Cross-Default Clause
A cross-default clause is a contractual provision that says:
> If a party defaults on one agreement, it will be treated as a default under other related agreements as well.
It acts as a trigger clause, allowing a lender or counterparty to declare a default and take action, even if the specific agreement hasn’t been directly breached — as long as a linked or referenced contract has been.
📌 Simple Explanation:
> “If you default somewhere else, I’ll treat it as a default here too.”
While there is no specific provision in Indian statutes, these clauses are valid and enforceable under the Indian Contract Act, 1872 if:
They are expressly drafted,
Reasonable and not unconscionable, and
Consistent with RBI, SEBI, or IBC regulations, as applicable.
Sample Clause – Cross-Default (Loan Agreement):
> “The Borrower shall be deemed to be in default under this Agreement if the Borrower or any of its Affiliates defaults in the payment of any sum or the performance of any obligation under any other loan, debenture, or financial arrangement exceeding ₹1 crore, which shall constitute an Event of Default hereunder.”
Intercreditor Agreement
🎯 Why Is It Needed?
When multiple creditors (banks, NBFCs, bondholders, etc.) lend money to the same borrower:
They might have different types of debt (secured, unsecured, senior, subordinate),
The borrower defaults or undergoes resolution (e.g., under IBC),
Each creditor may otherwise act independently and complicate recovery.
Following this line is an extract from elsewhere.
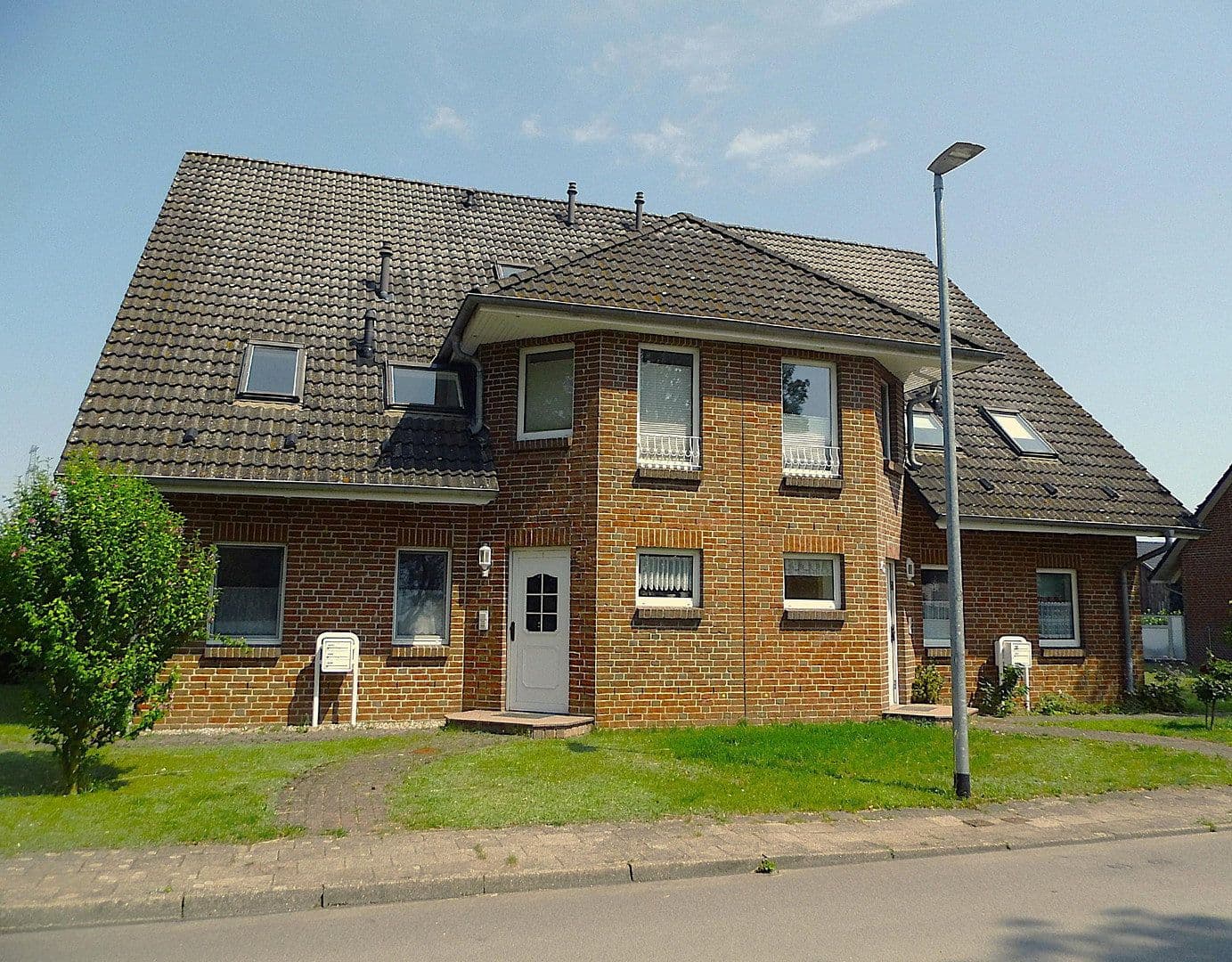 Prodej domu 365 m², pozemek 2.505 m², Schwerin, Mecklenburg-Vorpommern Prodej domu 365 m², pozemek 2.505 m², Schwerin, Mecklenburg-Vorpommern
An ICA creates order, prevents chaos, and defines:
Who leads the enforcement,
Who recovers what,
And how decisions are made among lenders.
Non-Recourse Loan
A type of loan where the lender’s recovery is limited to the collateral pledged and the borrower is not personally liable beyond that asset.
Indefeasibility
A principle in property law ensuring that once a title is registered, it cannot be challenged or annulled except in very limited circumstances.
Subordination Agreement
A legal arrangement in which one debt or claim is ranked behind another in priority for collecting repayment from a debtor’s assets.
Material Adverse Change (MAC) Clause
A contractual provision allowing a party, often a buyer or lender, to withdraw from a deal if a significant negative event affects the target company’s value or operations.
Forbearance Agreement
A contractual arrangement where a lender agrees to temporarily refrain from exercising its rights (such as foreclosure) in exchange for the borrower’s compliance with specific terms.
Tolling Agreement
An agreement to suspend or extend a statutory limitation period to allow parties to negotiate or resolve disputes without the risk of a claim becoming time-barred.